Aprendeu a deitar sobre a grama com o pai. Aos 2, pouco se importa com os insetos que às vezes ali aparecem e confia na fofura do gramado, tanto que não são incomuns os mergulhos seguidos de uma ou outra testada no chão verde. Nem vermelho fica. E, de tão acostumado, Emanuel se deita no jardim ao lado do pai grande-gigante, como ele diz, enche a roupa de mato seco e assim, olhando para cima, depara-se com o céu azul clarinho. Nele, vê aviões enormes, outros pequenininhos, pássaros voando baixo, pertinho, urubus voando bem altão; vê pipas dançando e nuvens em forma de jacarés e dinossauros. E depois enjoa, vira de bruços sobre a grama e volta a brincar feliz. Levanta, corre, joga bola, bolinhas, empurra o caminhão de brinquedo, mexe com água, com a motoca plástica, o violãozinho desafinado, depois com as plantas, sente o cheiro, sente o vento, molha-se todo e logo seca sobre o mato seco. E nem precisa estar seco para mergulhar de novo e, novamente deitado, fascinar-se com a Lua que, embora popularmente conhecida pela noite, vive a nos visitar brilhante durante o dia em dias de céu azul clarinho, desses ótimos para empinar.

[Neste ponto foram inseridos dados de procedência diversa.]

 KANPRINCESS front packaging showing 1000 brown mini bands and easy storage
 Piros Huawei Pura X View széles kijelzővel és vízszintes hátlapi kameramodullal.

Quando pequeno, aprendi a fazer pipas com meu pai. E ainda me lembro bem da configuração das varetas de bambu ajeitadas com uma linha e colagens de papel de seda. Pudera, o desafio proposto pela escola era justamente esse: erguer uma pipa feita à mão. Na ocasião, o avô do Emanuel fazia as vezes de pai sob um céu muito parecido: azul clarinho, grandão, com pipas dançando e nuvens em forma de jacarés e dinossauros. Memórias de uma infância feliz, dos shows à família na sala com direito a sanfoninha e fone de ouvido, das manhãs de domingo no clube, viagens ao sítio enrolado em cobertas, dos pacotes de figurinha que papai me entregava ainda de terno e times de botão espalhados no chão da cozinha. O pai da época, que hoje faz as vezes de avô, era grande-gigante, fascinante quando visto de baixo para cima.

Há pouco, ainda dormindo, Emanuel perguntou à mãe se ela via as pipas. No sonho dele, certamente dançava num céu azul clarinho a pipa do herói grande-gigante que, como pai, eu me tornei na mente do Emanuel. Saí do quarto rezando para que seja mais uma dessas pipas que voam eternamente, como já há três décadas voa em minhas lembranças a pipa feita por meu pai na escola, meu herói grande-gigante.